The only thing in the entire show that was shot abroad happened because one of the ILM supervisors went through the trouble of quarantining both ways in order to go to the Canary Islands to shoot aerial and ground photography for the planet Ferrix. It has those beautiful, volcanic desert landscapes. 

Andor visual effects
Andor, Pilgrim, PGM, Lucasfilm, ilm, industrial light & magic

Below the Line: Going back to the embassy, if you’re providing them with window views, what does that do to your schedule? How soon do you have to deliver your effects?

Mohen Leo: Obviously, if we want to point the camera at something, everyone has to buy into it early on. That can become a scheduling challenge because we need everyone to make decisions right away, and once you’ve pointed a camera at it, you’ve made a commitment to what’s appearing in the final show. 

What happens in a case like that is a really great collaboration with the art department. We get early digital models of what the set will look like, the size and shape of the windows, and we start building out the cityscapes that you will see through those windows. Even before the set is built, we can do digital previews of what it would look like in different parts of the set, with different lenses. 

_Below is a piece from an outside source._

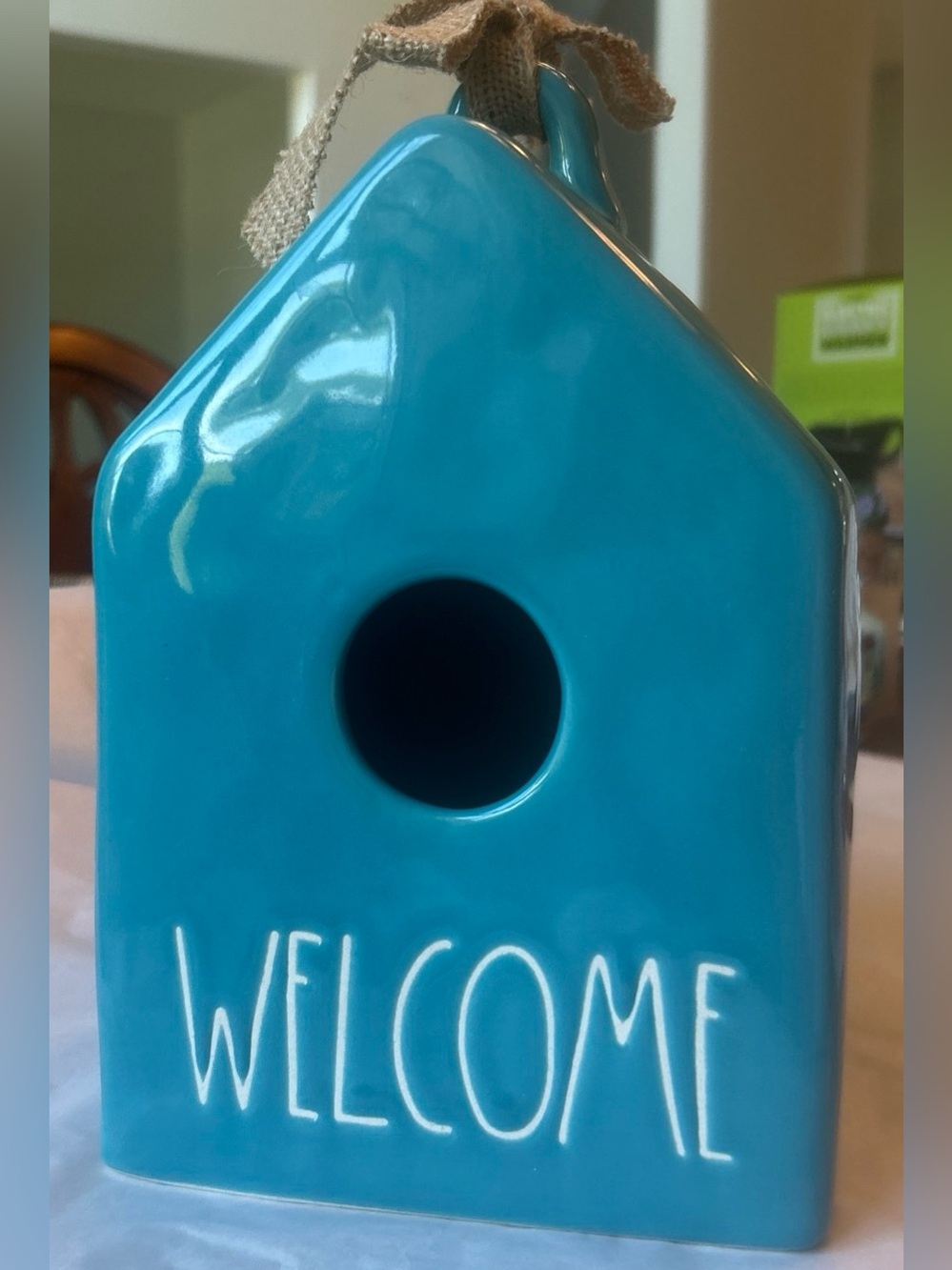 Rae Dunn Teal Blue "WELCOME" Ceramic 8” Bird House Decor NWT
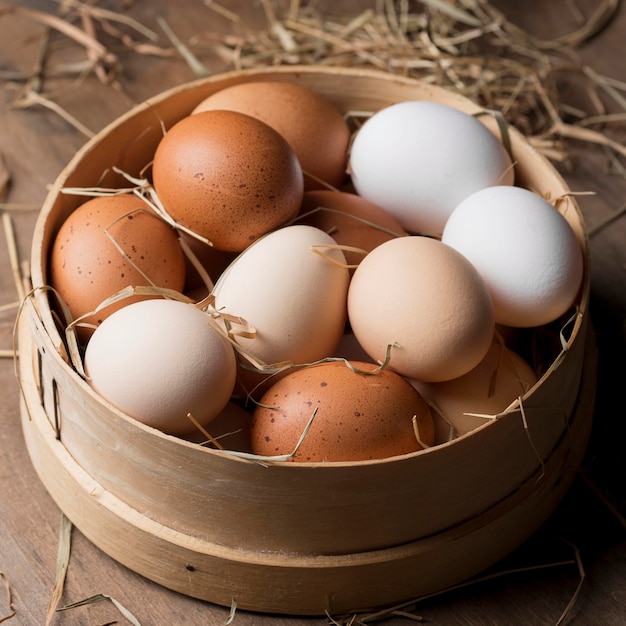 Close-up fresh chicken eggs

There’s a lot of back and forth, they may have to redo early concept paintings. Once we settle on something, we show it to Tony and get his feedback. So by the time of the shoot, we have the final visuals on the screens.

Andor visual effects
Andor, Pilgrim, PGM, Lucasfilm, ilm, industrial light & magic

Below the Line: Once you’ve finished shooting, how much do you have to deliver the effects?

Mohen Leo: On a show like this, it becomes a sort of rolling delivery. We have 12 episodes, and we start work on the visual effects on the early episodes while they’re still shooting the later ones. We try to deliver work on an episode every few weeks. After they wrap photography, we probably have another eight months to complete everything.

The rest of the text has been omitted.